To determine your router/firewall's 'gateway' address, go to a command-line window and enter the cmd 'ipconfig' (on Windows) or 'ifconfig' (root-login on Linux). Then, to actually 'login' to see inside your router/firewall (i.e. to either TROUBLESHOOT or to ADD/CHANGE values), you simply use your web-browser and specify a URL containing your router/firewall's 'gateway' address, which should look similar to http://192.168.0.1/ You should then see a logo from your router, and a login-screen, where you enter the (factory-default) values for 'user' and 'password'. Once you get inside, you can then find the place to enter the values from the table into the 'firewall' section. Don't forget to 'save' the configured values, so that, even after a powerfail, your router/firewall will come back up with these changed/entered values still intact. (Most all routers have a 'factory-defaults-RESET-switch' on the back, which, if you hold it pressed-in for at least 10 seconds, any/all values that YOU setup inside will now be gone, and the router returns to the 'factory-default' values.)
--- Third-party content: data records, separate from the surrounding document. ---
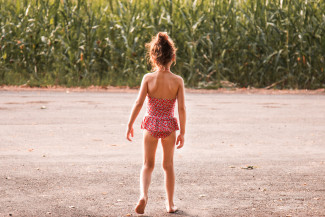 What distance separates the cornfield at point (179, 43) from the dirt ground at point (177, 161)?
4.09 m

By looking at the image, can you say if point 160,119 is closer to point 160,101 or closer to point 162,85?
point 160,101

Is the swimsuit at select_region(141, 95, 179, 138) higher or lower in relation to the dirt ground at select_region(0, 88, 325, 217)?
higher

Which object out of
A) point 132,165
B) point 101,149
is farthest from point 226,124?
point 132,165

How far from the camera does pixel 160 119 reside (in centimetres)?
545

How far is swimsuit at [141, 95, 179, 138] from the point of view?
543 cm

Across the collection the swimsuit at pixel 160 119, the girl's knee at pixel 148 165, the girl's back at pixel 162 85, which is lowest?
the girl's knee at pixel 148 165

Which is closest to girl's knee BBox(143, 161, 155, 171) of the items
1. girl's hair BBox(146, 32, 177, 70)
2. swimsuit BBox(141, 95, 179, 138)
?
swimsuit BBox(141, 95, 179, 138)

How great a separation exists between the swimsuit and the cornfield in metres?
12.9

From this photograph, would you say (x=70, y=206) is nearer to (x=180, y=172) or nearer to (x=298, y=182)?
(x=180, y=172)

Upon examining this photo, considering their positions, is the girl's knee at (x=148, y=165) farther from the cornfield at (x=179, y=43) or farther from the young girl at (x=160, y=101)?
the cornfield at (x=179, y=43)

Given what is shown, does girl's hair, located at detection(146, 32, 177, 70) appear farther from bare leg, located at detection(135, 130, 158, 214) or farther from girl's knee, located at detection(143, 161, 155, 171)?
girl's knee, located at detection(143, 161, 155, 171)

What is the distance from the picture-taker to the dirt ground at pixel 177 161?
5.91 metres

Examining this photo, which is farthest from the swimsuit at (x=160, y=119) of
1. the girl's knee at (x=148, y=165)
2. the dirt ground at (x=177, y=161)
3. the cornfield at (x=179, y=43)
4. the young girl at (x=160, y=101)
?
the cornfield at (x=179, y=43)

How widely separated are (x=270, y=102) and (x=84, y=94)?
4455 millimetres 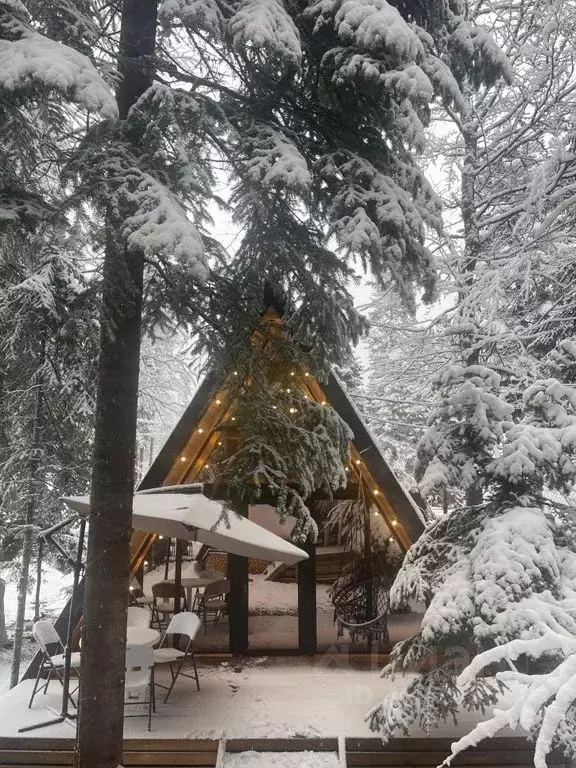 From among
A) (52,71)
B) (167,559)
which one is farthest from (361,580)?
(52,71)

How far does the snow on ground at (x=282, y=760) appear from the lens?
5.62 meters

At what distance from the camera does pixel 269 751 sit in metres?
5.94

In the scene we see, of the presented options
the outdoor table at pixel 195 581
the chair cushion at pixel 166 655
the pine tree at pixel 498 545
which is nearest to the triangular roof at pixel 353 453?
the pine tree at pixel 498 545

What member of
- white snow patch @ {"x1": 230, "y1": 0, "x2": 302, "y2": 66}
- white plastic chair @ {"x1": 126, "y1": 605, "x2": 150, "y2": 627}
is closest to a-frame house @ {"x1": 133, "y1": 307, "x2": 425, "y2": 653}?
white plastic chair @ {"x1": 126, "y1": 605, "x2": 150, "y2": 627}

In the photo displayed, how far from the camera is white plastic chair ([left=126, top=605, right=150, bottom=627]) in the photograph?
7.92 meters

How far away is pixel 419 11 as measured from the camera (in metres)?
5.35

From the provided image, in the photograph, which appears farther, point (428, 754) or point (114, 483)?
point (428, 754)

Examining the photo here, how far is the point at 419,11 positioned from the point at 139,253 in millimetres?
3605

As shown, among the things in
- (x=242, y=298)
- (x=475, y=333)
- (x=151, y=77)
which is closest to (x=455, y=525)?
(x=242, y=298)

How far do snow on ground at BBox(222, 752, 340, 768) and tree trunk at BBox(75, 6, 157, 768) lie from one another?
149cm

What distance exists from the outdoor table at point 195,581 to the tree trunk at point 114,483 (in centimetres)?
410

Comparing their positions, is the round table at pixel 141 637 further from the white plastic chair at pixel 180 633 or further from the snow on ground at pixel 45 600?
the snow on ground at pixel 45 600

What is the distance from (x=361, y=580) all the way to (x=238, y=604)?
202 centimetres

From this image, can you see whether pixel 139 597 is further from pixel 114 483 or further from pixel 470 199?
pixel 470 199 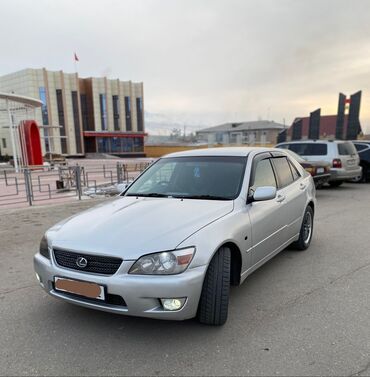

Here's some normally-found FACTORY-DEFAULT login-values for
router/firewall boxes:
Linksys: user=admin pwd=admin
D-Link: user=admin pwd=[blank]
Netgear: user=admin pwd=password
Microsoft: user=[blank] pwd=admin
but, if in doubt, RTFM.
One last thing...each manufacturer's products differ a bit as to what they call these "firewall" entries. For example, in my Linksys, they do NOT call them 'firewall' settings at all. Instead, they are listed under 'Applications', and refer to it as 'Port Range Forwarding'. Whatever...call it what you like.
Ok, that's it...go setup your router! (Consult its manual for help, if you get stuck.)